I'm having issues with a Kindle Touch (latest software, 5.1.2 I think -- and not jailbroken). I restarted it for some display issues (not showing books I had recently downloaded) and it won't wake up from the screen with the word Kindle and the boy under the tree. I have tried holding down the button while it's plugged in and while it's not plugged in, for the whole 30 seconds, with no luck.

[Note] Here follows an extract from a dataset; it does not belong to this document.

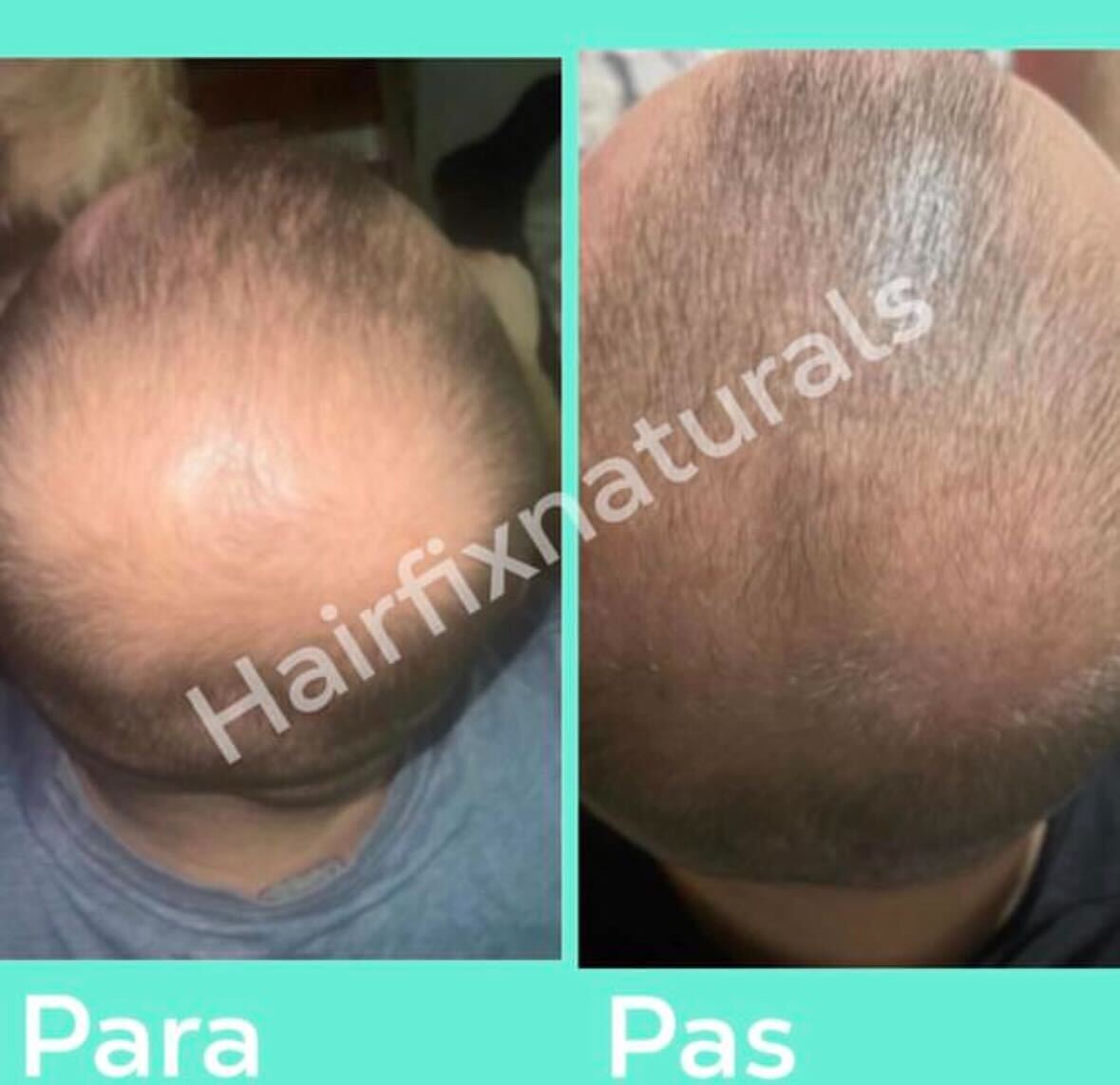 Male scalp before and after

Anyone have this same issue? Any tips on waking a non-responsive Kindle? It will sometimes flash from white to black but always comes back to the same restart screen. It's very frustrating!!


----------



## Betsy the Quilter (Oct 27, 2008)

sparrowlight,

sorry you're having problems!

Is it fully charged?  You might try plugging it in and leaving it overnight....

Anyone else got ideas?

Betsy


----------



## Ann in Arlington (Oct 27, 2008)

Plug in and leave over night as Betsy suggests.  Then unplug and try the restart.  Hold the button at least 30-40 seconds and then put it down and walk away. Check back 5-10 minutes later to see if it's restarted itself. If that doesn't do it, it's probably time for a call to Kindle CS.


----------



## sparrowlight (Dec 19, 2009)

Thanks for the tips -- this is my third touch with the same issue, so I really would rather not have to get ANOTHER replacement.


----------



## luvmy4brats (Nov 9, 2008)

sparrowlight said:


> Thanks for the tips -- this is my third touch with the same issue, so I really would rather not have to get ANOTHER replacement.

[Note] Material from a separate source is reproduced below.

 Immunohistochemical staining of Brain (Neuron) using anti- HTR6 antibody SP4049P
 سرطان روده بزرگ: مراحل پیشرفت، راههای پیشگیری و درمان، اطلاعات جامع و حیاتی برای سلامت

I also recommend trying a different USB cord if you have one and/or trying a different adapter. It sounds like it's not charging.


----------



## Ann in Arlington (Oct 27, 2008)

Luvmy4brats said:


> I also recommend trying a different USB cord if you have one and/or trying a different adapter. It sounds like it's not charging.


Good point. Are you charging from a computer or the wall? Remember if you're charging from a laptop, and the computer goes into hibernation, the charging might stop. Even if it's still plugged in. Does the orange light go on when it's charging? It should then turn green when it's full. (You probably know this, but just in case. . . . . .)


----------



## sparrowlight (Dec 19, 2009)

It's definitely charging (in a wall socket now). Giving it at least overnight to rest up & I'll try again tomorrow.


----------